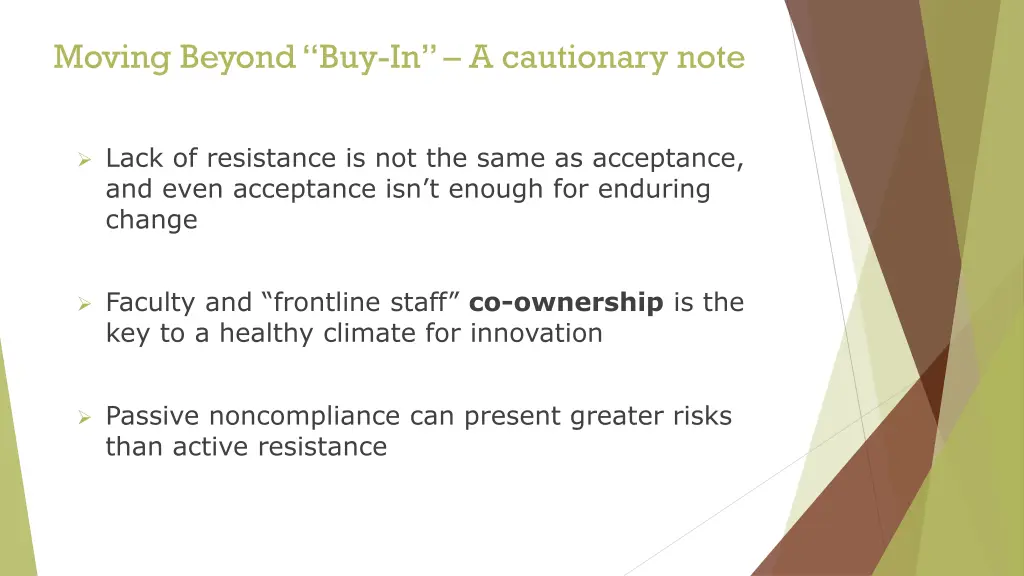 moving beyond buy in a cautionary note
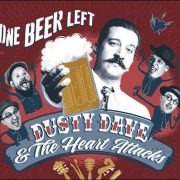 Dusty Dave & The Heart Attacks – One Beer Left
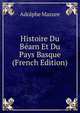 Histoire Du Bearn Et Du Pays Basque (French Edition), Adolphe Mazure 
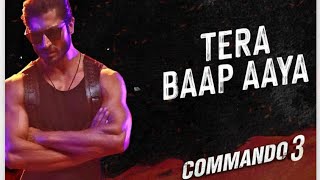 Tera Baap Aaya - Commando 3| Vidyut Jammwal, Adah Sharma, Angira Dhar, Gulshan D| Farhad B, Vikram M
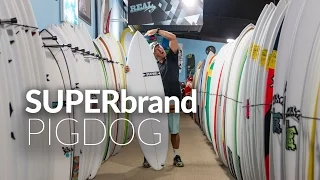 SUPERbrand PIGDOG Surfboard Review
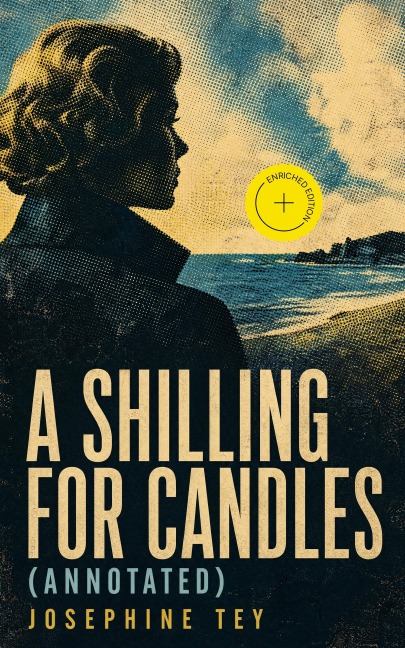 A Shilling for Candles (Annotated) - Josephine Tey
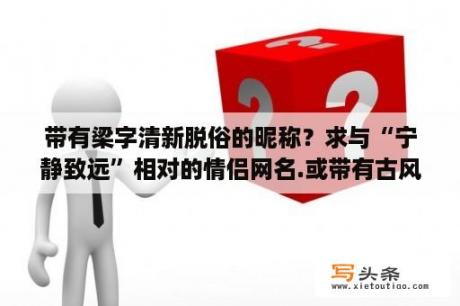 带有梁字清新脱俗的昵称？求与“宁静致远”相对的情侣网名.或带有古风，文艺范的网名带点小清新更好，不要太复杂？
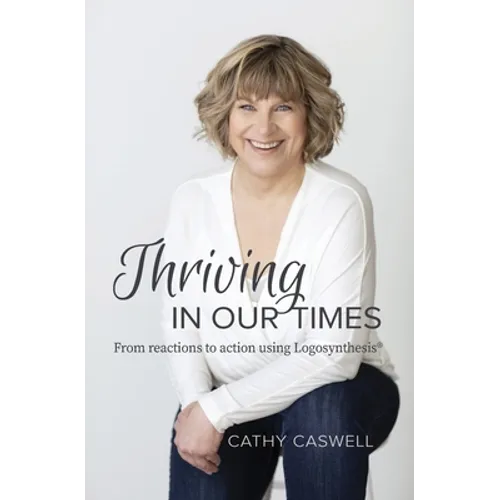 Thriving In Our Times: From Reactions to Action using Logosynthesis(R) - Paperback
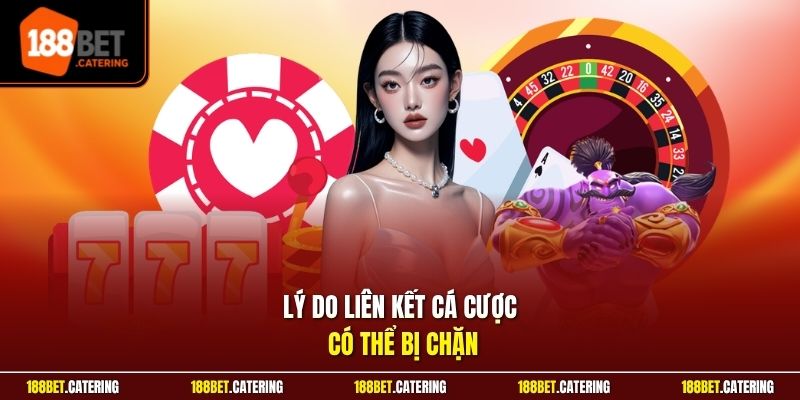 Lý do liên kết cá cược có thể bị chặn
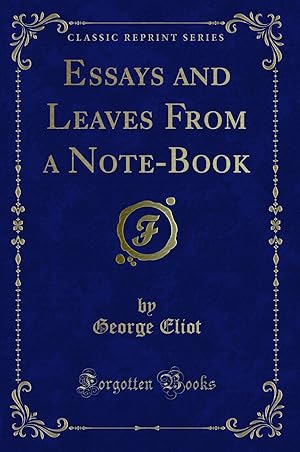 Immagine del venditore per Essays and Leaves From a Note-Book (Classic Reprint) venduto da Forgotten Books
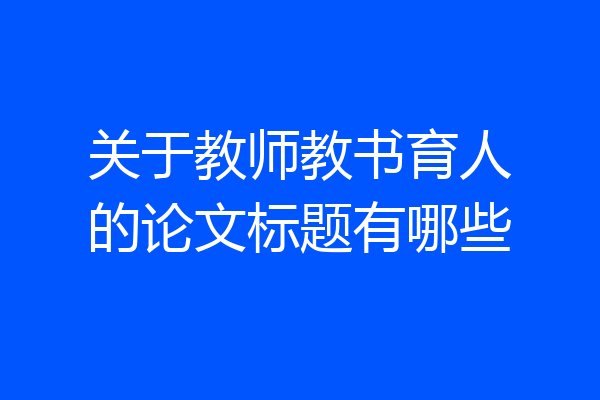 关于教师教书育人的论文标题有哪些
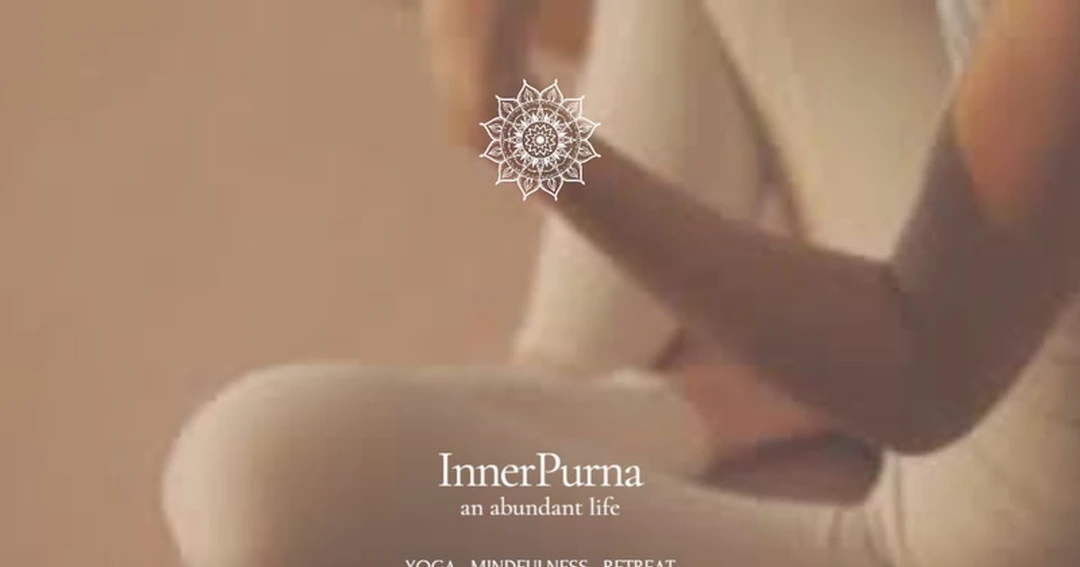 InnerPurna Yoga•Mindfulness•Retreat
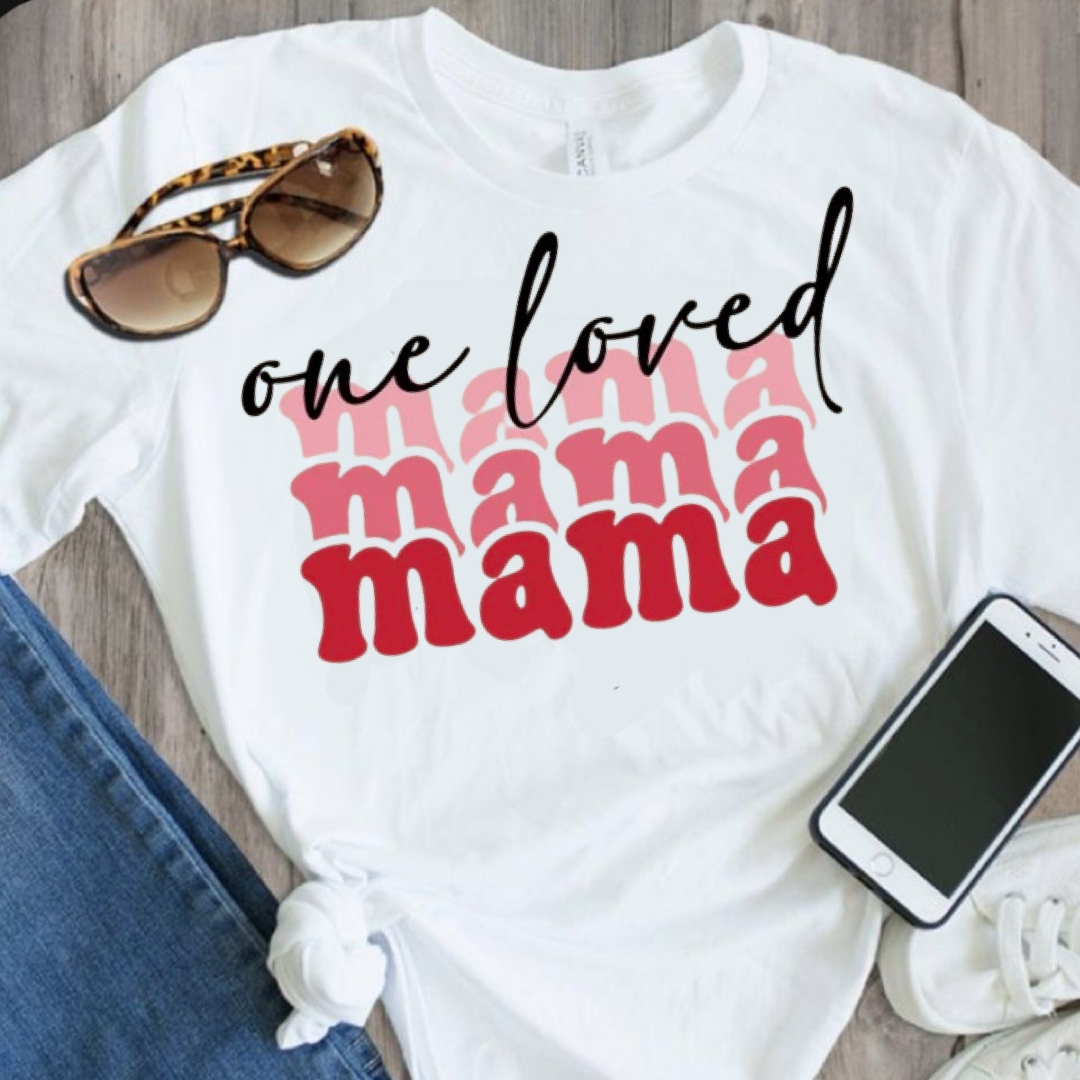 One Loved Mama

# # # # # # #

Would you retype the listing above exactly, omitting its pictures?

 moving beyond buy in a cautionary note
 Dusty Dave & The Heart Attacks – One Beer Left
 Histoire Du Bearn Et Du Pays Basque (French Edition), Adolphe Mazure 
 Tera Baap Aaya - Commando 3| Vidyut Jammwal, Adah Sharma, Angira Dhar, Gulshan D| Farhad B, Vikram M
 SUPERbrand PIGDOG Surfboard Review
 A Shilling for Candles (Annotated) - Josephine Tey
 带有梁字清新脱俗的昵称？求与“宁静致远”相对的情侣网名.或带有古风，文艺范的网名带点小清新更好，不要太复杂？
 Thriving In Our Times: From Reactions to Action using Logosynthesis(R) - Paperback
 Lý do liên kết cá cược có thể bị chặn
 Immagine del venditore per Essays and Leaves From a Note-Book (Classic Reprint) venduto da Forgotten Books
 关于教师教书育人的论文标题有哪些
 InnerPurna Yoga•Mindfulness•Retreat
 One Loved Mama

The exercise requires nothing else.